AIR

By Nela Navida - July 03, 2010

Saya terkaget-kaget waktu membeli galon aqua di warung dekat rumah saya..
" Bu, mau beli aqua galonnya ada?" "Ada, tapi kayanya tinggal satu itu mbak, sama sekarang harganya mahal banget" "Berapa tho bu?" "15.000"
ealah, batinku lha kok mahal bgd ya... air di bak banyak lho padahal ... ckck.

Iya beginilah keadaan saat ini, air yang kelihatannya berlimpah saja 1 galon ( 19 liter) Rp 15.000, itu karena kualitas kebersihan air yang udah jarang ataukah karena memonopoli air bersih padahal sudah jelas-jelas dicantumkan dalam undang-undang (pasal 33 ayat 3 ) yang isinya
“Bumi dan air dan kekayaan yang terkandung di dalamnya dikuasai oleh negara dan dipergunakan untuk sebesar-besar kemakmuran rakyat”.

Ketika saya membatin, perusahaan aqua pasti meraup banyak keuntungan dari hasil menjual air yang dibotolkan tersebut, padahal modal yang dikeluarkan tentunya sedikit karena hanya mengambil dari sumber mata air saja, dan mereka hanya butuh modal sedikit seperti untuk membyar pajak air, retribusi, dll.. Karena saya penasaran saya mencari-cari info tentang perusahaan aqua di google.com, dan ternyata benar mereka meraup banyak sekali keuntungan dari hasil air botolan mereka itu, Nila Ardhianie, Direktur AMRTA Institute for Water Literacy, mencontohkan pendapatan Aqua dari pabriknya di Klaten, Jawa Tengah.
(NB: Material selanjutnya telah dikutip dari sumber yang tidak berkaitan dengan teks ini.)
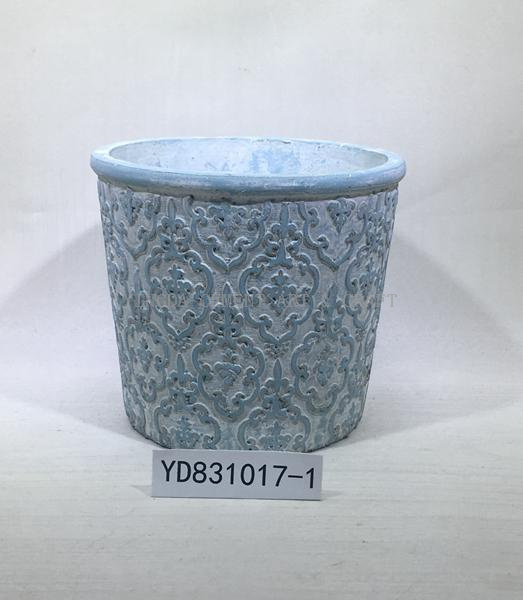 6" sculpture cement conical plant pots for home and garden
Menurut Balai Pengelolaan Pertambangan dan Energi Wilayah Surakarta, saban bulan perusahaan ini hanya membayar pajak air bawah tanah sebesar Rp 3 juta-4 juta. Dalam setahun, pajak air bawah tanah yang dibayar Aqua tak lebih dari Rp 50,5 juta. Sementara retribusi kepada Pemerintah Kabupaten Klaten sebesar Rp 1,17 miliar. Sedangkan retribusi buat dua desa sekitar sumber air dan lokasi pabrik adalah Rp 25 juta dan Rp 334 juta. Total selama tahun 2004, kata Nila, Aqua hanya membayar Rp 1,58 miliar.
Dengan modal sebesar itu, setiap bulannya Aqua mampu menyedot air lebih dari 18 juta liter. Bila dikalkulasikan, dengan harga jual per liter sekitar Rp 2.000, berarti pendapatan dari pabrik di Klaten mencapai Rp 36 miliar. Dari jumlah itu--setelah dikurangi ongkos produksi dan sebagainya--Aqua diperkirakan mampu mengantongi keuntungan minimal sebesar 30% atau sekitar Rp 12 miliar.

Yah, lalu dikemanakan undang2 pasal 33 ayat 3 itu?
apakah yang dimaksudkan itu kita harus mengeluarkan berlembar-lembar uang untuk mendapatkan kesejahteraan berupa air yang kelihatannya berlimpah itu?